I found myself with a little free time so I decided to give this problem another go. The last major thing I did was to replace ALL the caps in the power supply. Even though they all tested good I was concerned about the potential for dielectric absorbtion, aka battery effect which was first mentioned by Leonard. Changing the caps had no real affect on the symptoms but now they can be ruled out.

Yesterday I started by observing the symptoms again. When the TV is first plugged in the PS activates and quickly deactivates. This is marked with a CLICK .... 2 second pause...CLICK (Powerup-Powerdown). The main power light does not give any flashing error code and stays solid blue. Pressing the power button has no effect on the power supply but the light will go from ready (blue) to standby (red/orange) if the power button is pressed for ~5 seconds.

Back in post #59 I detailed how I used a Hitachi technical document to test the power supply by forcing it to produce voltages. Back when I first tested it I was not getting any voltages on certain pins. After desoldering components, testing them and resoldering them the board miraculously came back to life and I was able to get the TV working again (with a few tricks).

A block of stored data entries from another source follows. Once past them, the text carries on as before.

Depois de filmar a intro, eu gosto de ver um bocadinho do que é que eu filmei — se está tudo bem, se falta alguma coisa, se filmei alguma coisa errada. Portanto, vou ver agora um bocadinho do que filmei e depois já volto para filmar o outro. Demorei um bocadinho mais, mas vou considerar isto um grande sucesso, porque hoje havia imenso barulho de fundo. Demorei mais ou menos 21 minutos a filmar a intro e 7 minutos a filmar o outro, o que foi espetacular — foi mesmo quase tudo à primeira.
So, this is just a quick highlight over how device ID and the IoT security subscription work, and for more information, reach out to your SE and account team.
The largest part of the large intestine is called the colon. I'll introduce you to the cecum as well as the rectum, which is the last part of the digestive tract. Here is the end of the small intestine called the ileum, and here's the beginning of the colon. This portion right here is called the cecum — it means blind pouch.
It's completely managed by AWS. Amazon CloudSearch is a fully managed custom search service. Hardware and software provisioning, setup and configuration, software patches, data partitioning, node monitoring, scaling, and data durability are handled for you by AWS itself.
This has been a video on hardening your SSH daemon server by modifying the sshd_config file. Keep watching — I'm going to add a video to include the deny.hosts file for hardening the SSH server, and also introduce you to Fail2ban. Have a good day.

Its pretty clear to me know that there was a faulty/failing component or possible a dry solder joint on the board. My tinkering with the board got it working for a short time but it was destined to fail again and has. I retested the PS by forcing voltage generation and everything checked out except the PS is not generating any Vs or Va voltages. In the short 2 seconds the PS activate the voltages for Vs and Va stays flat at 0v.

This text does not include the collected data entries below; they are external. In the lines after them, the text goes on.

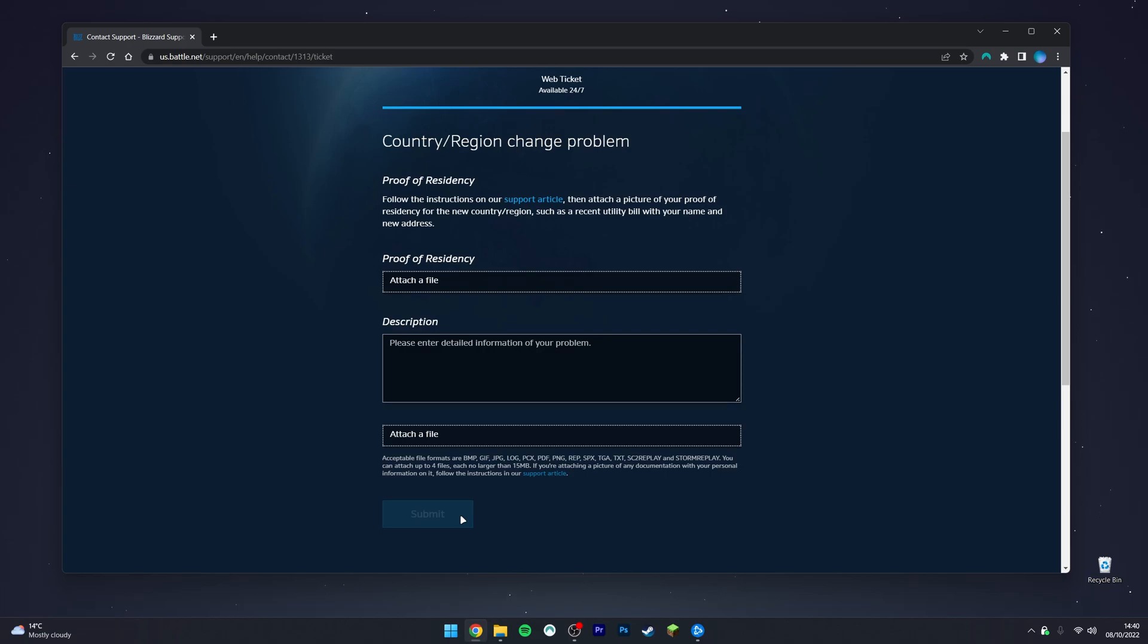This will submit a ticket to the Blizzard support team and they should get back to you as soon as they can. They could take up to one month to respond to your request, so you will need to be patient.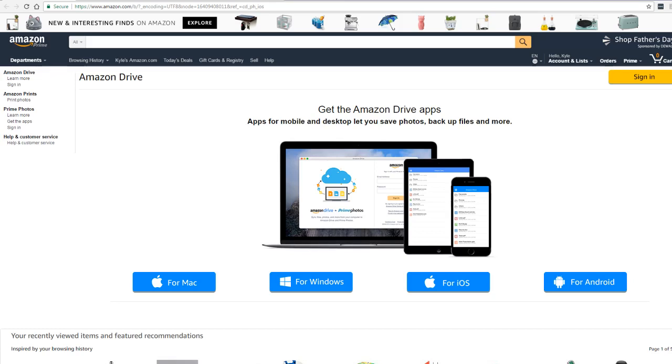In conclusion with Prime Photos, you'll never have to worry about losing priceless memories or struggle with organizing and finding specific pictures ever again.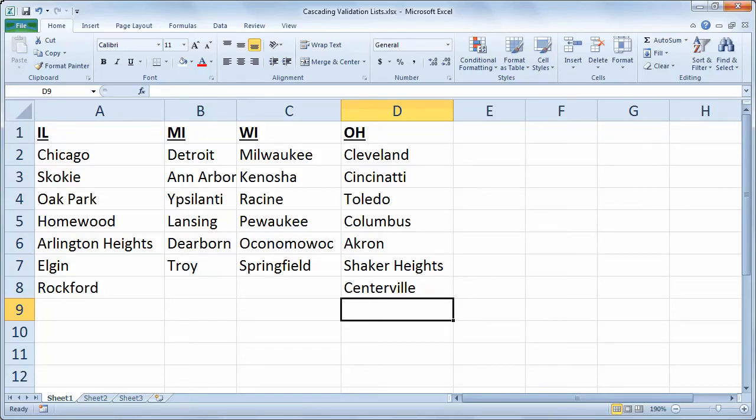Hello and welcome to another Excel demo with Rich Kerr. In this scenario, we'll look at how we can use named ranges to create cascading data validation lists, or in other words, a data validation list that provides a value that then determines drop-downs in a second validation list.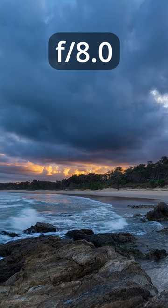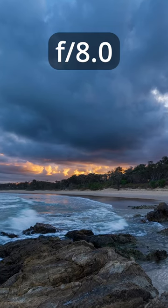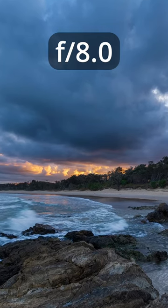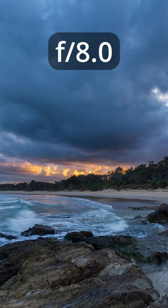Smaller f-stop numbers like f36 will have a deeper depth of field, so more in focus from front to back.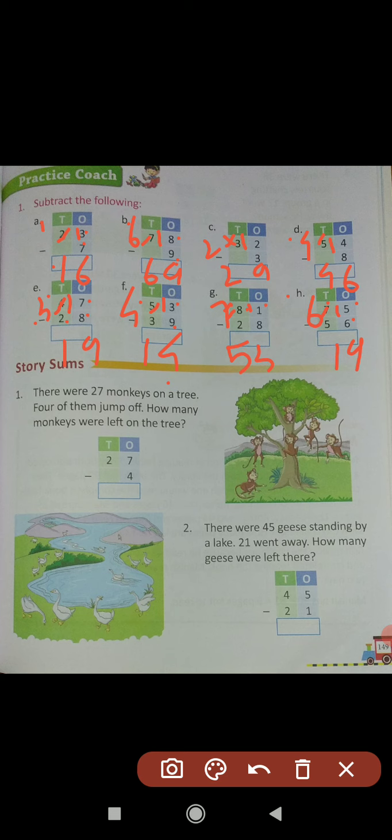So we were solving subtraction of a 1-digit number from a 2-digit number with regrouping tens and ones, and a 2-digit number from a 2-digit number with regrouping tens and ones. I hope you are understanding how to subtract ones and tens. Now we will see story sums.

The PS seems to cutoff as a circuit protection measure. I have scanned the PWB and all parts for burns, cracks and other defects but don't see anything suspicious. I have not checked for dry solder joints yet as I just read up on them but I will.

I am going to pull the PS again and go hunting for defective components. From my reading, since the caps are all new, the primary suspect will be an IC. If its a voltage regulator I will have to test them with the TV Powerup which I did not do before (only tested for shorts).

This will be my first time testing ICs (any IC) and hope I won't have a problem testing them with the PS in protection mode. Testing the voltage regulators attached to the heat sinks will be very tricky because everything is packed in pretty tight and Im not sure of the best way to do it.

If you guys have any tips on testing the ICs I'm happy to hear them.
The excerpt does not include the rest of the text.